About a month ago, four women gathered in a backyard in Oak Cliff. There was six feet between them—and a staggering amount of meat. This contingent was charged with executing the magazine’s July summer grilling package, which is online today. Just in time for the long weekend.
In a couple of hours, we’d shot more photos of meat on marble slabs than should ever be published. Then came the coal-bed: photo shoot turned feast.
We in Texas love summer grilling. July’s heat comes and we rekindle the rituals that hinge on ember and smoke. We conjure the smell of charcoal, the sizzle of steak, the sight of deep char.
As we gear up to celebrate a holiday predicated on a declaration of independence—even in the midst of confinement, even in the midst of protest—backyards remain, more than ever, oases.

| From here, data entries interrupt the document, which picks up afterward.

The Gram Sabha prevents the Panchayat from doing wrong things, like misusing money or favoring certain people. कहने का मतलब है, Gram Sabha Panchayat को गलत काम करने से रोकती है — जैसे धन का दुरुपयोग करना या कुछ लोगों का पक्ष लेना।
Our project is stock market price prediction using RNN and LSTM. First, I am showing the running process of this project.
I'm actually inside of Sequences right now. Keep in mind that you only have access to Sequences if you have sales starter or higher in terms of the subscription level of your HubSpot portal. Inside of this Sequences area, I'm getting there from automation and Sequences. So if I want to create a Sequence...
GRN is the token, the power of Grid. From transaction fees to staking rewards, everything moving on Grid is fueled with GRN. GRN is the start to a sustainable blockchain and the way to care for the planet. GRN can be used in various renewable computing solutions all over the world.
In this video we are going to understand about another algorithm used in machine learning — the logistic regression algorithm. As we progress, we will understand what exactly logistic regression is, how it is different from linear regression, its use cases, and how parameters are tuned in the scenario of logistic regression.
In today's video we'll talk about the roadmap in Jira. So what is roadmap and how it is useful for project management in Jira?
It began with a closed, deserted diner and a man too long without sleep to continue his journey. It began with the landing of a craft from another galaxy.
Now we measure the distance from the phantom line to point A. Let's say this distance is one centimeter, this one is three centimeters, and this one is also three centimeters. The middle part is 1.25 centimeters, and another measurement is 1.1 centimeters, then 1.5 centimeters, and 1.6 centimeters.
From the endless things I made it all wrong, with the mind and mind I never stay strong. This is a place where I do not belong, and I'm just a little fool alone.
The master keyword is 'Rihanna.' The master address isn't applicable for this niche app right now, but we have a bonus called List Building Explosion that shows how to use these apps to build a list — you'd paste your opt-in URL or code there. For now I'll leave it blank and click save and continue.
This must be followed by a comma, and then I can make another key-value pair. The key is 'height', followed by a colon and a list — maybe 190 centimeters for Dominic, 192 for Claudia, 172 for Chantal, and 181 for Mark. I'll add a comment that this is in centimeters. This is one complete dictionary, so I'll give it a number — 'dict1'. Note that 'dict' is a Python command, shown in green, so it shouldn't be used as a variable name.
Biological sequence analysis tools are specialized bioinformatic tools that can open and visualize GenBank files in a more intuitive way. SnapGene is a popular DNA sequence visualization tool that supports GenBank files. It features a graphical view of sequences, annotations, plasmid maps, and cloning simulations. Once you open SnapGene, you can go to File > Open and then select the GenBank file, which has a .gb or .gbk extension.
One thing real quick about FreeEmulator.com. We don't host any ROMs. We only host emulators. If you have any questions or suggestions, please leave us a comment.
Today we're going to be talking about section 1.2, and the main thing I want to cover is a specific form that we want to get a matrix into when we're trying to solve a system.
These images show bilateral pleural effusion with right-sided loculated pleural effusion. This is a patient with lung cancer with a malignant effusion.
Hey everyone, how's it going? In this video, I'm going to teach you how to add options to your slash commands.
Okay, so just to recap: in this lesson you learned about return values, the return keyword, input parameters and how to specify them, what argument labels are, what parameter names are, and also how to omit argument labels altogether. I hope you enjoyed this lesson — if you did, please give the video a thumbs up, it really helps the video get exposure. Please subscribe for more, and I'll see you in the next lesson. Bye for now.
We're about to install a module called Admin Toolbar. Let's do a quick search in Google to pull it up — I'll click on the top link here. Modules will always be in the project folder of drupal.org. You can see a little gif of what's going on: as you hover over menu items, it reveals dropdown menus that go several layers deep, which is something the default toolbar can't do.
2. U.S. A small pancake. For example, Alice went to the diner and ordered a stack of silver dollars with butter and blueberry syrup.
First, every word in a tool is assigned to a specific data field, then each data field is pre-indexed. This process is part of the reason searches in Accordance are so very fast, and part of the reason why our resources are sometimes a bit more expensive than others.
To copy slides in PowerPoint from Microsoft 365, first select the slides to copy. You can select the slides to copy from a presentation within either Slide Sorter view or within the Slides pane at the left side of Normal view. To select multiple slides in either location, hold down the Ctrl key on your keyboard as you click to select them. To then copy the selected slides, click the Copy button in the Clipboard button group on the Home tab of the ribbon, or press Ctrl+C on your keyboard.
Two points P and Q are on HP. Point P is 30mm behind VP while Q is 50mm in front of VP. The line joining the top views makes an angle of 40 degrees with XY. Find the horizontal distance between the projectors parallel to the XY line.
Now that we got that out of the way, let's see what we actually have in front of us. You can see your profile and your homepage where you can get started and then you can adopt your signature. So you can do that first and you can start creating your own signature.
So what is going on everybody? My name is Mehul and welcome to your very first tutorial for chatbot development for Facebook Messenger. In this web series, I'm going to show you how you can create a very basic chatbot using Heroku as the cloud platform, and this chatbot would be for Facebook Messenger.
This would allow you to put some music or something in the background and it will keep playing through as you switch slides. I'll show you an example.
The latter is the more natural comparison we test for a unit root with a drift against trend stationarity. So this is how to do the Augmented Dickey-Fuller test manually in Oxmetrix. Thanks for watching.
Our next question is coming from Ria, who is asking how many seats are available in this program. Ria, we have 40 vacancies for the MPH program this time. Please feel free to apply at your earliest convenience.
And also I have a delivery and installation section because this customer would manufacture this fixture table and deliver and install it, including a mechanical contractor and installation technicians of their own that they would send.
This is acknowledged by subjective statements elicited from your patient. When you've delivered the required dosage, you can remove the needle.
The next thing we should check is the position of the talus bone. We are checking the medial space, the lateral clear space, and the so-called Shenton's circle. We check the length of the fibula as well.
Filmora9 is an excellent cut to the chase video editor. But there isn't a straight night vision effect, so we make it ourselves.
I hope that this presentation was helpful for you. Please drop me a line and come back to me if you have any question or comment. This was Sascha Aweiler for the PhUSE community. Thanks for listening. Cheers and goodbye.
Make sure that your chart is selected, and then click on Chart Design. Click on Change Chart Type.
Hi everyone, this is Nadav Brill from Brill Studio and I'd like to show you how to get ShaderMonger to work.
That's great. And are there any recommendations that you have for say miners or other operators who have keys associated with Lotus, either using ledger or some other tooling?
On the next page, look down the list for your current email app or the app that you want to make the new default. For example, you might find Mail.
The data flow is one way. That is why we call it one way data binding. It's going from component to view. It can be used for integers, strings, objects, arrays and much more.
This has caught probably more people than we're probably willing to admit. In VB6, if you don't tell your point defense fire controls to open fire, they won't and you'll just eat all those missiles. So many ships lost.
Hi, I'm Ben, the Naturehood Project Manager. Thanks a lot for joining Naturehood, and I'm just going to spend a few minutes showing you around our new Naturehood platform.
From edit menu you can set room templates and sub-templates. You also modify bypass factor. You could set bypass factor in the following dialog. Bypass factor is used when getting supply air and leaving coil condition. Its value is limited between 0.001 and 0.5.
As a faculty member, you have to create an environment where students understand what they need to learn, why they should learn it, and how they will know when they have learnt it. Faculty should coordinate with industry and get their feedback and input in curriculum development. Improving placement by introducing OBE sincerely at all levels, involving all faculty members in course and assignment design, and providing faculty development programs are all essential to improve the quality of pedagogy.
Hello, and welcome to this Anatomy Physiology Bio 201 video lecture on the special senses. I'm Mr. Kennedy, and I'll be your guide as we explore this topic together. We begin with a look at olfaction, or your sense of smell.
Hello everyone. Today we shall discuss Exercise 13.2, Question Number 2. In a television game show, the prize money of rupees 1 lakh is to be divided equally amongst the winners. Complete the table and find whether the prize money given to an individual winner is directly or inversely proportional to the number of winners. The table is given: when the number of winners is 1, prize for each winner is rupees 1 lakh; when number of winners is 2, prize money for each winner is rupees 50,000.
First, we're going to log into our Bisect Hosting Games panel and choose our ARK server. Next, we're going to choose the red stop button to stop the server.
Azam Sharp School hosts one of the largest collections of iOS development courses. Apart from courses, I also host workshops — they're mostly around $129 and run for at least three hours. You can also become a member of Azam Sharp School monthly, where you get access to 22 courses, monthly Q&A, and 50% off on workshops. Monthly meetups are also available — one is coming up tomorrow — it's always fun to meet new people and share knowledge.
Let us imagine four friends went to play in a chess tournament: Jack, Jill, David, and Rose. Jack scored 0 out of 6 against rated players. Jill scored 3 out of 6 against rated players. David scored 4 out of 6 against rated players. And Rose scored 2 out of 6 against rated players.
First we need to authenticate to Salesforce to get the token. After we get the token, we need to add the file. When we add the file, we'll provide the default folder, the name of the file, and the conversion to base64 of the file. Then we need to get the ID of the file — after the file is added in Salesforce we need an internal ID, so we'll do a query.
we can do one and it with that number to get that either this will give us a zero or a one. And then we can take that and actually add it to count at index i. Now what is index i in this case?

Yes, we’ll grill burgers. But there’s no way it stops there. We wanted to take you into backyards, from here and elsewhere. So we talked with chefs Anastacia Quiñones-Pittman, Junior Borges, Donny Sirisavath, and John Tesar about grilling memories from Dallas, Brazil, Laos, San Antonio, and Long Island. We added the smoke of their childhood fires to our own. We enriched our repertoires with their recipes.
And then we tonged up and ended up in Kathy Wise’s backyard in Oak Cliff. Three girls on a shoot; four girls on the grill package. (It turns out, you can put away a lot of meat, even socially distanced.)
The days have come for backyard cookouts. So, string up your lights. Summon those in your bubble. Set up your kettle grill, ceramic egg, brick-lined fire pit, skewer-criss-crossed yakitori grill, or whatever you have available. It’s that time. Let’s the make the most of it while we can.